Christine LaFave Grace: Thinking about Chicago and the unique kind of grocery market it is—you’ve got people on the one hand who will say, “We’ve been going to Jewel for 100 years; that’s what we do,” and on the other hand people who are really into exploring signature neighborhood markets and ethnic grocery stores—what need does Dom’s meet locally?

Kelsey Collins: I think it’s a couple of things. One that we’re particularly proud of and hope that everyone feels when they walk in is the sense of really bringing food and community together.

In our mind, it’s not only finding interesting products in the way that they’re made or maybe the type of product it is, but it’s the interesting stories and those suppliers we can be really proud of—local products, women-owned products, Black and other people-of-color-made products—really trying to bring the best of all of those together in one place.

We want to be that place you can come for happy hour—that you can enjoy a great glass of wine and a great meal—or that place where you can have that sense of discovery and find those cool stories that you maybe can’t find anywhere else, and then you can also find the things that you really need: the eggs for your recipe tonight, or milk that you can throw in your basket along with some of those other great finds. I think another great part about it, to that aspect of curation that we talked about earlier, is that our shelves aren’t overwhelming. You really can walk in, find what you need, and you’re not missing those cool products, because they’re not buried with other items.

Is that something that you see setting Dom’s apart from, for example, Whole Foods’ three-story flagship Chicago store (also in Lincoln Park)?

Oh gosh, definitely. The curation and the size would, but I think also the center kitchen does. We’ve been seeing and hearing every day—people come in, they grab a cup of coffee, they grab a breakfast sandwich, and they sit down and enjoy it while reading the paper. And then they get up and they go grocery shopping. That’s multiple distinct trips within one visit that you can’t do everywhere.

Can you tell me about the decision behind putting brand stories online?

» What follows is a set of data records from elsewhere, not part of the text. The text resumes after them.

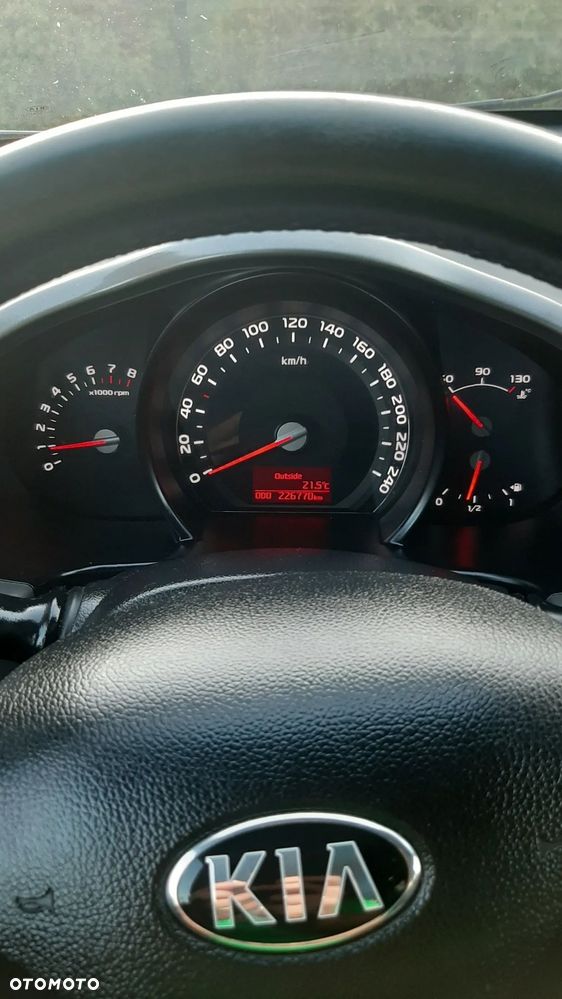 Kia Sportage - 2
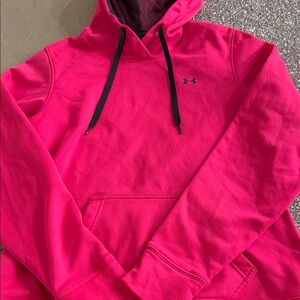 Women’s Under Armour medium Vibrant Pink Hoodie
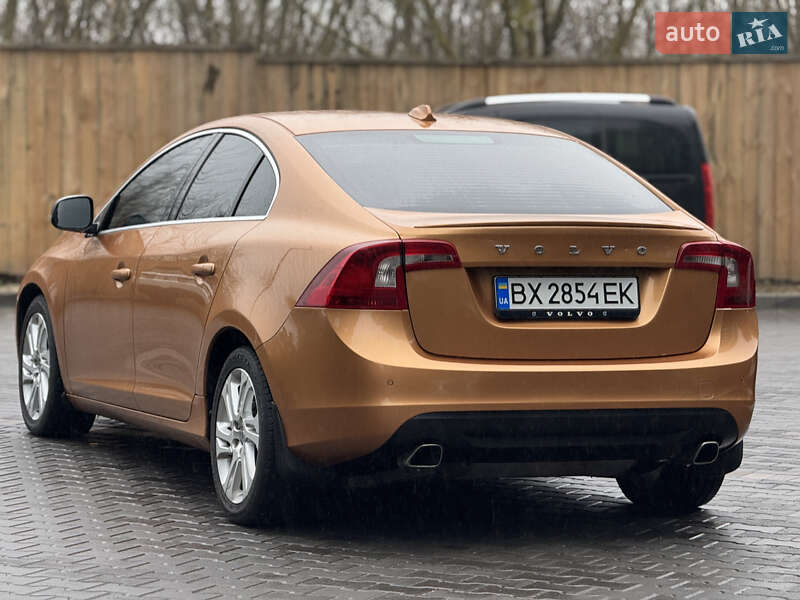 Седан Volvo S60 2011 в Киеве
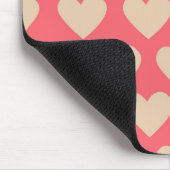 ベージュレッドかわいいシンプルハートパターン マウスパッド (コーナー)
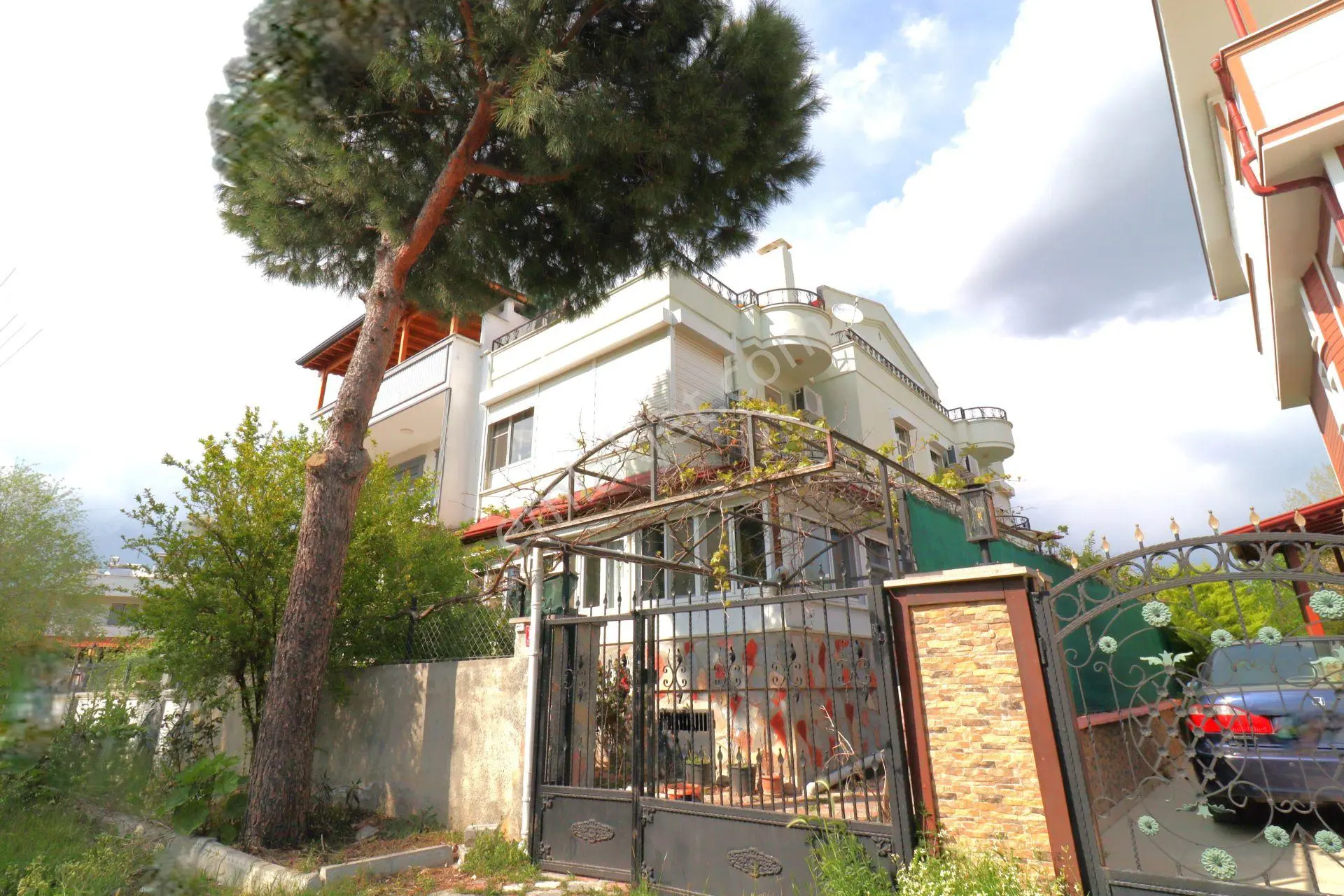 💎Güre'De Aygülden💎Kaçmaz Bir Fırsat Daha Denize 200 Metre Çift Teraslı 4+1 Sat...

It really has been all about discovery as we put the store together, and now it’s really all about discovery for our shoppers. We really want them to discover these new flavors, these new brands, new experiences that we’re offering, and it’s really hard to do that just from the shelf. So we’ve been trying to find new ways to share these stories that we’ve been so proud to find and are so proud of to have, and so putting these stories on the website was just one way of doing that. And part of why we did that as well some of our electronic shelf-tag system in the store is powered with near-field communication technology, so shoppers will be able to literally hold their phone up to the tag and it will take them to the site where they can learn more about the story.

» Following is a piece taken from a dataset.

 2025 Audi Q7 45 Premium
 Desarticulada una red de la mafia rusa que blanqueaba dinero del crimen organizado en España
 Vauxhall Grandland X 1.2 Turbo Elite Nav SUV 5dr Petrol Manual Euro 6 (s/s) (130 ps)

Just in the first week-and-a-half, what else have you observed that has stuck out in your mind? How does what you’re seeing so far compare with your expectations?

We really knew we had something special with the center kitchen, and that has certainly met and exceeded our expectations, but I think we were really blown away by just how much market shopping people are doing too. We knew we were building something special, but we expected it to be a little bit of [convenience-oriented], picking up those few things for dinner or whatever you needed, but the market has really exceeded our expectations, a lot people really enjoying that discovery aspect and building bigger baskets and doing more shopping than we anticipated.

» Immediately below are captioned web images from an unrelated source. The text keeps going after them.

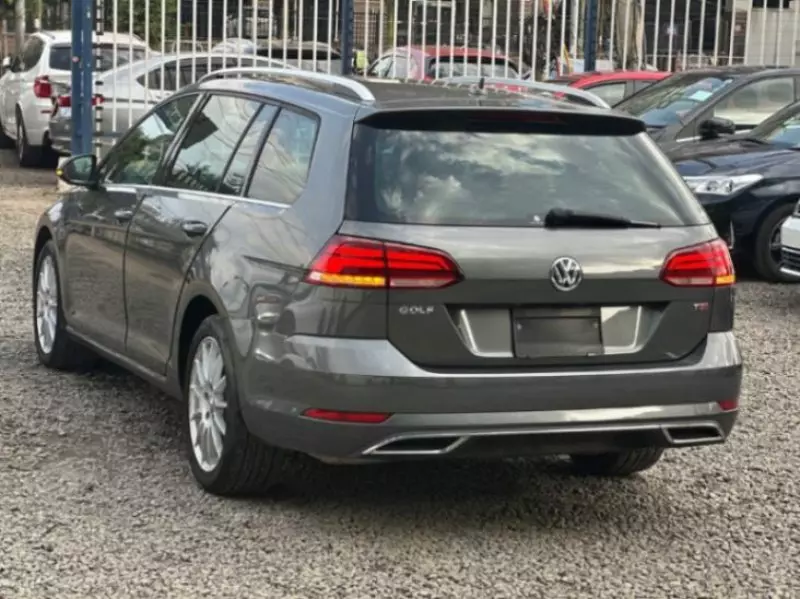 Volkswagen Golf   - 2018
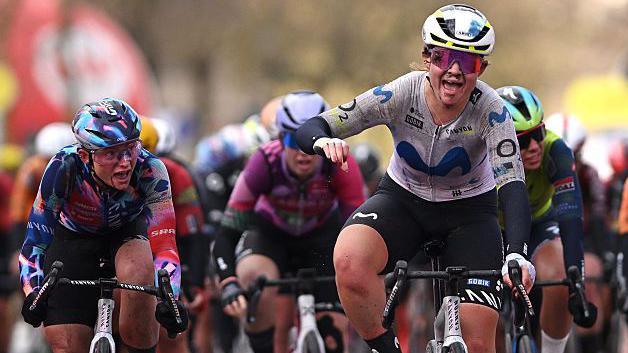 Carys Lloyd wins the Tour of Brugge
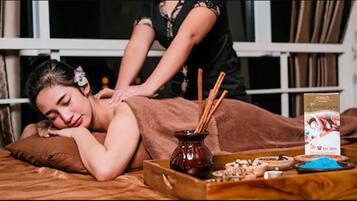 Aromatherapy, hot stone massages, facials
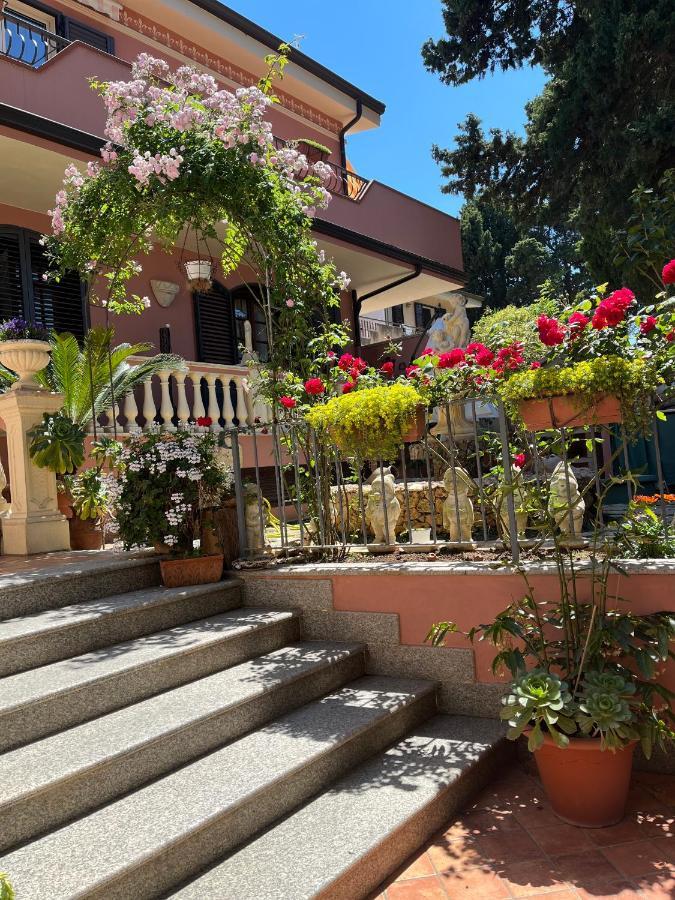 B&B Villa Regina Santa Domenica  Eksteriør bilde
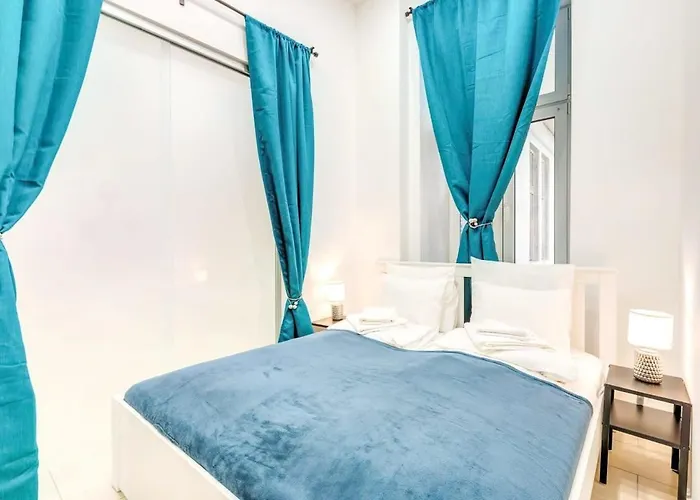 - New With Balcony - Charming בודפשט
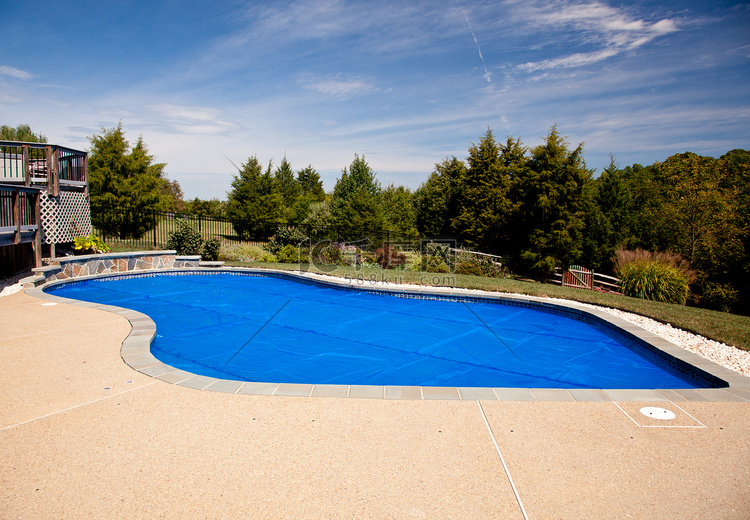 蓝色太阳能泳池盖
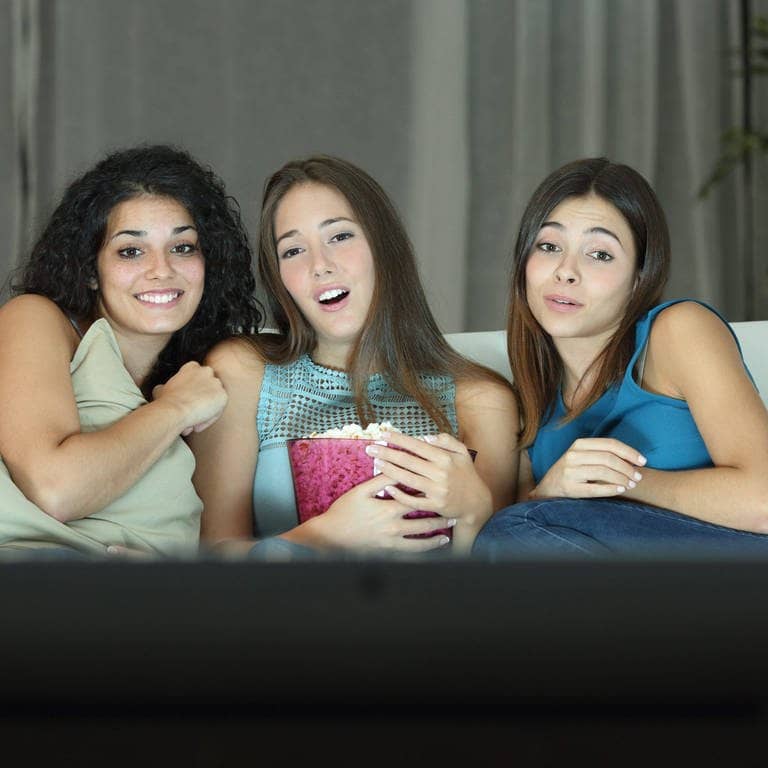 Drei Frauen schauen gemeinsam in den Fernseher. (Foto: picture-alliance / Reportdienste, picture alliance / Panther Media | Antonio Guillen Fernández)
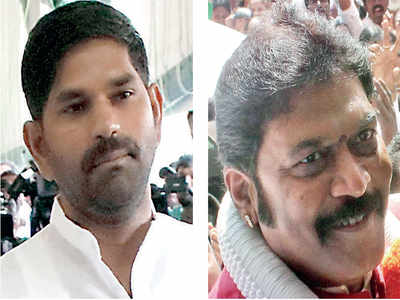 Ganesh abuses Congress leaders, disappears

As Dom’s is building out its team, it looked from the store’s website the other day like there were about 20 open positions. How is the labor market looking for Dom’s right now?

Certainly we’ve been seeing the labor shortages across the retail industry. We’ve also been seeing as many restaurants are coming back and continuing to open that the competition really is fierce for the best applicants. We’ve been seeing that further complicated by extended unemployment benefits. But we’re confident that we’re going to continue to attract great talent, and we have been since the opening; we just certainly have been facing some of those challenges we’ve been hearing from other retailers and restaurants.